— Ну да, браслетом этим, — уныло призналась Энца. И торопясь, добавила: — Но я его поймала, никто не услышал.
— Так, — сказал Джек. — Целиком срубила, или осталась часть?
— Остался уголок на винтике.
— Найди, чем его отвинтить... Только не срезай, а то следы останутся от твоей магии... Клади в сумку и делай ноги оттуда. Ну, в смысле, иди к Донно. Еще не хватало штрафы платить. В этой «Ротонде» штрафы даже за поломанные спички берут.
— Джек, а...
— Все, отбой! — торопливо сказал Джек и отключил телефон, заметив, что рыжеволосая шевелюра мелькнула в зеркале, висящем у поворота к туалету.
Несмотря на мягкость манер и неизменную вежливость, Эли была крайне ревнива, очаровательно смущаясь этих своих собственнических порывов, так что Джек одновременно чувствовал себя и польщенным, и постоянно напряженным: любая деталь могла повлиять на ее трепетные чувства. Джек предусмотрительно скрывал факт своего совместного проживания с напарницей.
Одно то, что они работали вместе, ежедневно вызывало пару-тройку сетований и шутливых поддразниваний рыжеволосой ревнивицы. Пока еще шутливых, как подозревал умудренный опытом Джек.
— Я чувствую себя неизвестно кем, — пожаловалась Энца поздним вечером, вернувшись.
— Чего так? — спросил Джек, который уже позабыл историю с туалетом.
— Да с этой штукой, я ее развинтила и вынесла, а на выходе оказалось, что у них все вещи заговорены, чтобы вилки-ложки не воровали. Ну, пентакль у выхода засветился.
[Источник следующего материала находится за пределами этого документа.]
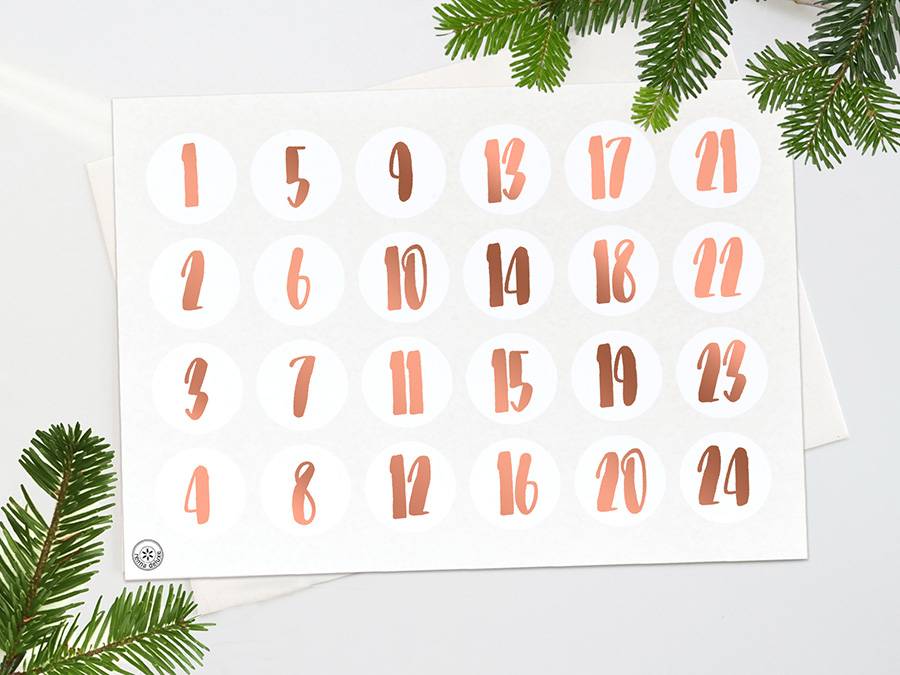 Renna Deluxe ADVENTSKALENDER Zahlen in KUPFER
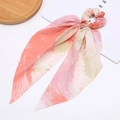 Elastico per capelli con stampa bohémien rosa e arancione e nastro lungo sciarpa - Rosa Arancione Caldo Acquerello (4)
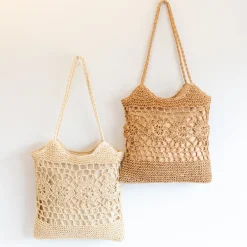 Elena Handbags Straw Woven Summer Fashion Bag with Floral Designs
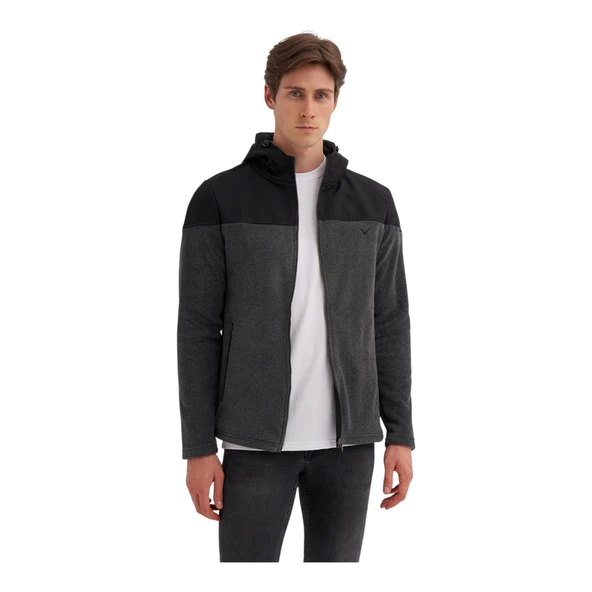 Erkek Kapüşonlu Polar Kumaş Basic Regular Fit Sweat Hırka-56390 - 9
Энца плюхнулась рядом с Джеком на диван, хотела засунуть руки в карманы, но на вечернем платье карманов не было, и девушка раздраженно нахмурилась, скрестила руки на груди.
Джек оторвался от ноутбука, поджал губы, как, бывало, делала его сестрица в таких случаях.
— И?..
— Да ничего. Я свое удостоверение показала, а в сумочке сверху пара артефактов лежала. Я сумочку открыла и сказала, что фонит. Что всегда фонит и дает ложный сигнал.
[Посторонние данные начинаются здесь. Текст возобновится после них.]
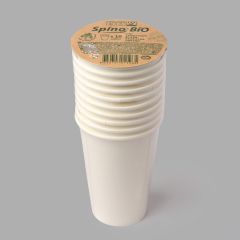 Spino Bio бумажные стаканы 250мл,  ø 73мм, белые PLA, 10шт/упак.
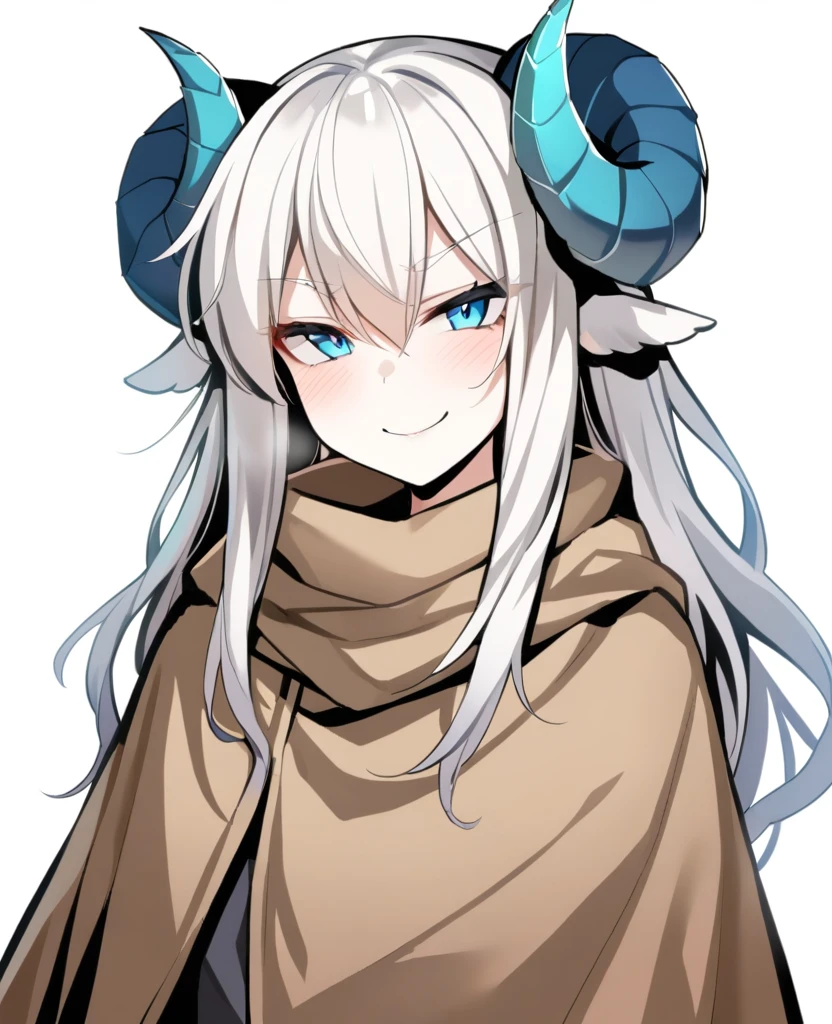 1boy, solo, score_9_up, Monstergirl Encyclopedia, sheep horns, curled horns, blue horns, sheep ears, white hair, long hair, messy hair, long bangs, pale skin, blue eyes, smile, smug, stoic, standing, (dark brown poncho), (white background, simple background), upper body, masterpiece, best quality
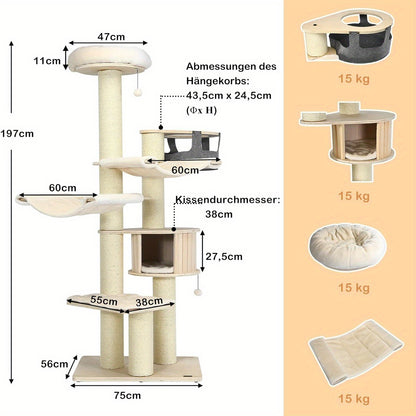 Krabpaal – Kattenboom – Kattenhuis – Kattenkrabpaal – Kattenpaal – 197 cm Hoog – Natuurlijk Hout Met Sisal Palen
— Молодец, — одобрил Джек. — И как, поверили?
— Ну, не совсем... Сомневались, но Донно поддержал, они не стали с ним спорить.
Энца откинулась на спинку и закрыла глаза.
— Мерзкое ощущение: всех обманула, штуку еще эту притащила, вообще...
Она вздохнула, потом сквозь ресницы посмотрела, что делает Джек: печатает что-то. Уж вряд ли отчет на завтра. Не надо его, наверное, отвлекать разговорами.
Тем более что страшно хотелось спать. Энца приняла душ, переоделась в пижаму. Браслет сняла и аккуратно сложила в подарочную коробочку. Выключила свет, спихнула Джека с дивана и легла.
Джек продолжил печатать, прислонившись к дивану. Под тихий уютный стук Энца быстро задремала.
— А ты читала что-нибудь из моего, что тут есть? — спросил вдруг Джек.
Задумавшись, он забыл, что напарница легла спать.
— Читала, — сонно отозвалась та. — И ту, синенькую, и большую, и еще в журнале.
— И как?
— Интересно.
Джек фыркнул, недовольный невразумительным ответом.
— Мне вот это даже запомнилось, — вдруг продолжила Энца, когда он решил уже, что та окончательно заснула.
«Я натянутая парусина,
с ветром обнимаюсь,
Если б не снасти
и реи,
Век бы обнимались,
А потом — глубина морская.
Я волна океана,
нет ни глаз,
ни рук,
Лишь толща зеленая
Да корона из белой
пены…»
Сонно зажевав последние строки, Энца заснула и больше не отвечала Джеку.
— Это совсем старое, — говорил он. — Это я чуть ли не на первом курсе писал. И оно длиннее раза в три. Хотя все равно, надо же... запомнила.
Он откинул голову, прислонившись затылком к ее руке.
— А Эли нравится, когда стихи про любовь и что-нибудь трагическое, чтобы поплакать.
Он вздохнул: у него таких вещей практически не было. Какая там к бесу трагическая любовь? Вон, Шекспира возьмите и плачьте над ним. Недавно Эли попросила написать что-то для нее, но не выходило.